For those who are not aware of the culture associated with Kambala, here is all you need to know about the sport.
What is Kambala?
Kambala is a traditional annual buffalo race that is organized by Karnataka’s Dakshina Kannada as well as Udupi districts’ farming community.
This area is called Tulunadu (Land of Tulu Language).
This annual event kick starts in November and the grand finale is held in March every year.
A pair of buffaloes is tied to the plough while a person anchors it with beating the Buffaloes using a stick to run faster.
Buffaloes are not born runners, But in Kambala, they are forced to run as fast as 100 metres in 12 seconds by the anchor.

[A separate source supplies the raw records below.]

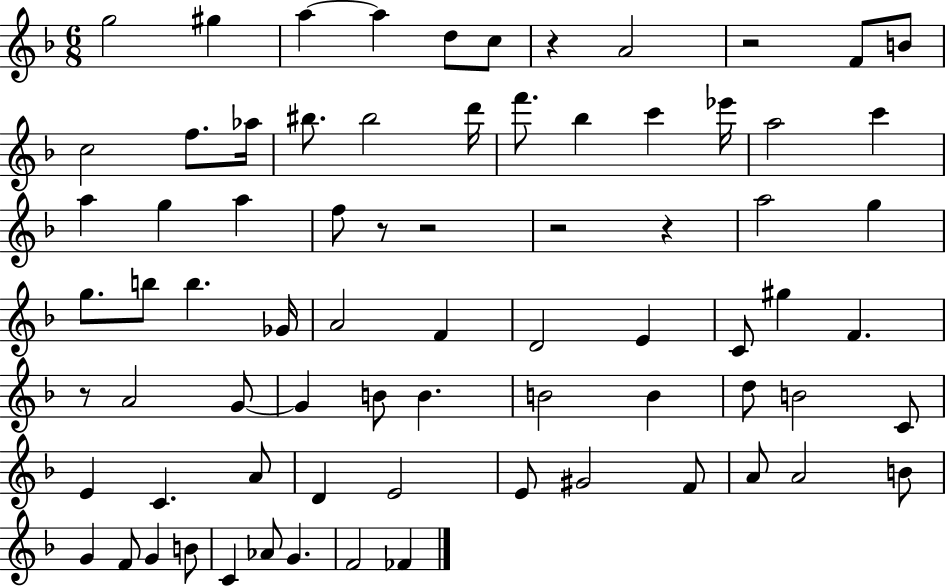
X:1
T:Untitled
M:6/8
L:1/4
K:F
g2 ^g a a d/2 c/2 z A2 z2 F/2 B/2 c2 f/2 _a/4 ^b/2 ^b2 d'/4 f'/2 _b c' _e'/4 a2 c' a g a f/2 z/2 z2 z2 z a2 g g/2 b/2 b _G/4 A2 F D2 E C/2 ^g F z/2 A2 G/2 G B/2 B B2 B d/2 B2 C/2 E C A/2 D E2 E/2 ^G2 F/2 A/2 A2 B/2 G F/2 G B/2 C _A/2 G F2 _F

There are two parallel muddy tracks for competing pairs of buffaloes run and the fastest one wins.
The racing tracks normally measure about 120 to 160 meters in length and are 8 to 12 meters wide.

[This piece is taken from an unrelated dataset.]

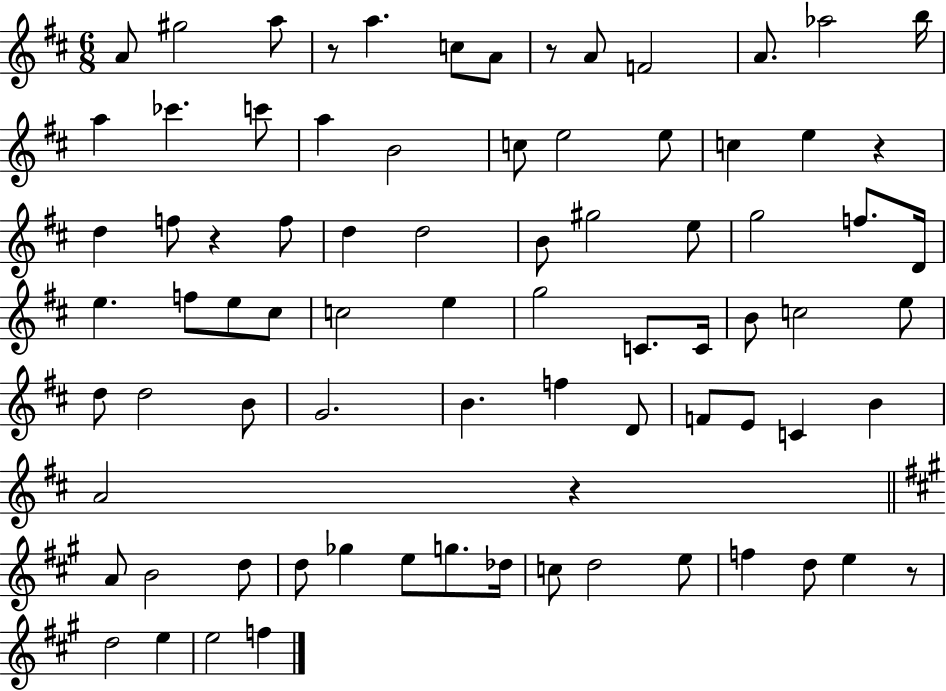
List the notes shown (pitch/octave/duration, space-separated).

Earlier, the winner of the Buffalo race used to get coconut but now gold medals, as well as trophies, are awarded.
In a well organized Kambala, around 120-150 pairs of buffaloes participate and more than 15000 people become the spectators.

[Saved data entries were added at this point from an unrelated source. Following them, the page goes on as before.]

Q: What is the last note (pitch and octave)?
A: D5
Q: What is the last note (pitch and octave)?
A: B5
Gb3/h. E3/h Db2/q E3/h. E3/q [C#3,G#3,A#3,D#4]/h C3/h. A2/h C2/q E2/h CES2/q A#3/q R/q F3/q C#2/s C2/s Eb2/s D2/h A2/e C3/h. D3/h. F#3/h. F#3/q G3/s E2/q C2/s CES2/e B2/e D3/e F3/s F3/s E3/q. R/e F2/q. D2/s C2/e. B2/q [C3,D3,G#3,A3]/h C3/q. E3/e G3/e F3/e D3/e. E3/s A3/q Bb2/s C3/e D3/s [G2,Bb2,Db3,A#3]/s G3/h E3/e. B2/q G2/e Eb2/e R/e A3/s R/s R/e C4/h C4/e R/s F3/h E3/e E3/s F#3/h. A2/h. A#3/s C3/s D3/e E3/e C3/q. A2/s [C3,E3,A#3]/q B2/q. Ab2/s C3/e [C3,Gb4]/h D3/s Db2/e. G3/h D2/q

Negilu: This is the entry level race where lighter plough is tied to the Buffaloes.
Hagga: A rope is tied to the Buffaloes
Adda Halage: A horizontal wooden plank is tied to buffaloes while the farmer stands over it for anchoring.
Kane Halage: This is the ultimate race of Kambala in which only experienced buffaloes and anchors take part. A rounded wooden plank is tied to buffaloes while the farmer stands on the wooden block with one leg.
The rounded wooden plank has two holes through which water gushes out during the race and the height of the muddy water splashed determines the winner.
Care And Safety Of Buffaloes
The Buffaloes are well-fed and cared for throughout the year as this sport tests the speed as well as swiftness of animal, moreover, some owners even build separate swimming pools for the Buffaloes.
Be it any sport, accidents do occur and in the case of Kambala, buffaloes may skid or topple, there is also a possibility of the farmer who runs along might fall and get hurt, sometimes resulting in serious injuries, therefore, an ambulance is kept ready nearby too.
Kambala, the age-old tradition of buffalo race has been a cause of concern for animal lovers as well as activists. The celebration of Kambala was rightly so stopped in Karnataka after an order was passed by the Supreme Court, dated 7th May, 2014. Jallikattu was the main focus of the order, a bull taming sport in Tamil Nadu. But Kambala, like jallikattu, was also banned last year after PETA approached the Karnataka High Court, stating animal cruelty in bull taming and buffalo racing, which despite it being a tradition is true to every sense.
India has been subjected to several changes in the last couple of days be it financial, law-related or related to the never ending debate of tradition/culture vs reality. Regardless of Bill talking about animal safety, it’s safe to assume that very soon, the bill is going to be criticized by a wide population, especially animal activists who have been protesting against such form of sports to be banned in the country.
The dilemma of balancing between preservation of tradition and ensuring safety for animals is one of the most difficult one to solve in India, for that matter, many other countries. But there is also no denying the fact that animal rights need to be prioritized, despite the legalization of the sport.
The responsibility, now, comes down to the those who will be implementing the law as they would have to make sure that the promise of animals safety is followed.